------ DATASET RECORDS

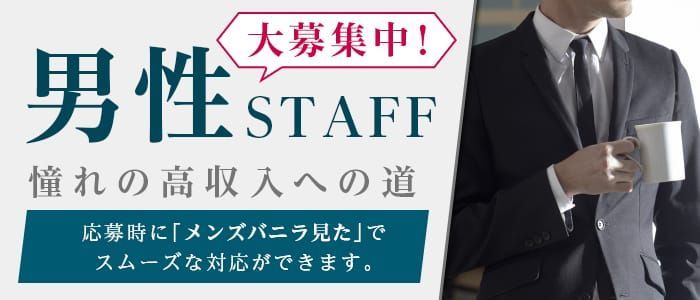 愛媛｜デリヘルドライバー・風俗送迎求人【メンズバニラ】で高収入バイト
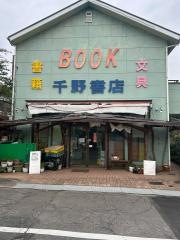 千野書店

------------
------ DATASET RECORDS

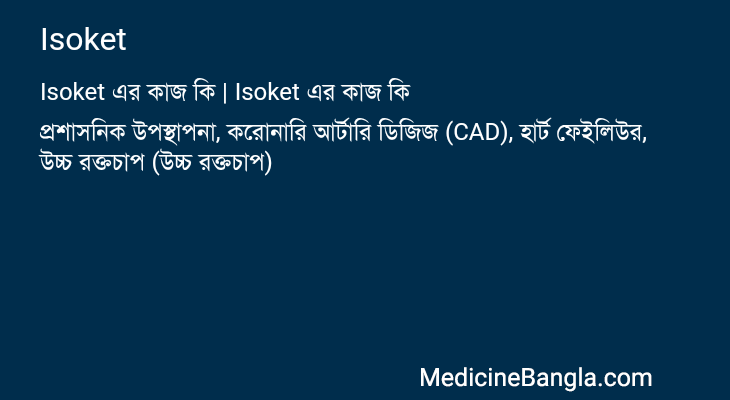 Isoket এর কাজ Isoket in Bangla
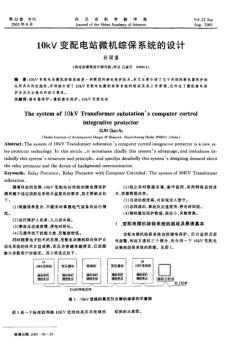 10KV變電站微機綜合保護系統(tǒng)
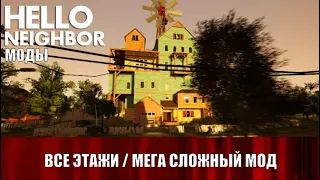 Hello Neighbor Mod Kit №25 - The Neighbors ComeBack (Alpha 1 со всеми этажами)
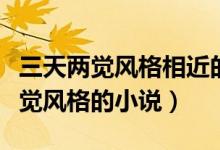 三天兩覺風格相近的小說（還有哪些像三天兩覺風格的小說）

------------

# ABOUT THIS EXERCISE:
Reproduce the data above exactly, but only from the line containing "10KV變電站微機綜合保護系統(tǒng)" through the line containing "三天兩覺風格相近的小說（還有哪些像三天兩覺風格的小說）"; skip the pictures.

# EXERCISE SOLUTION:
 10KV變電站微機綜合保護系統(tǒng)
 Hello Neighbor Mod Kit №25 - The Neighbors ComeBack (Alpha 1 со всеми этажами)
 三天兩覺風格相近的小說（還有哪些像三天兩覺風格的小說）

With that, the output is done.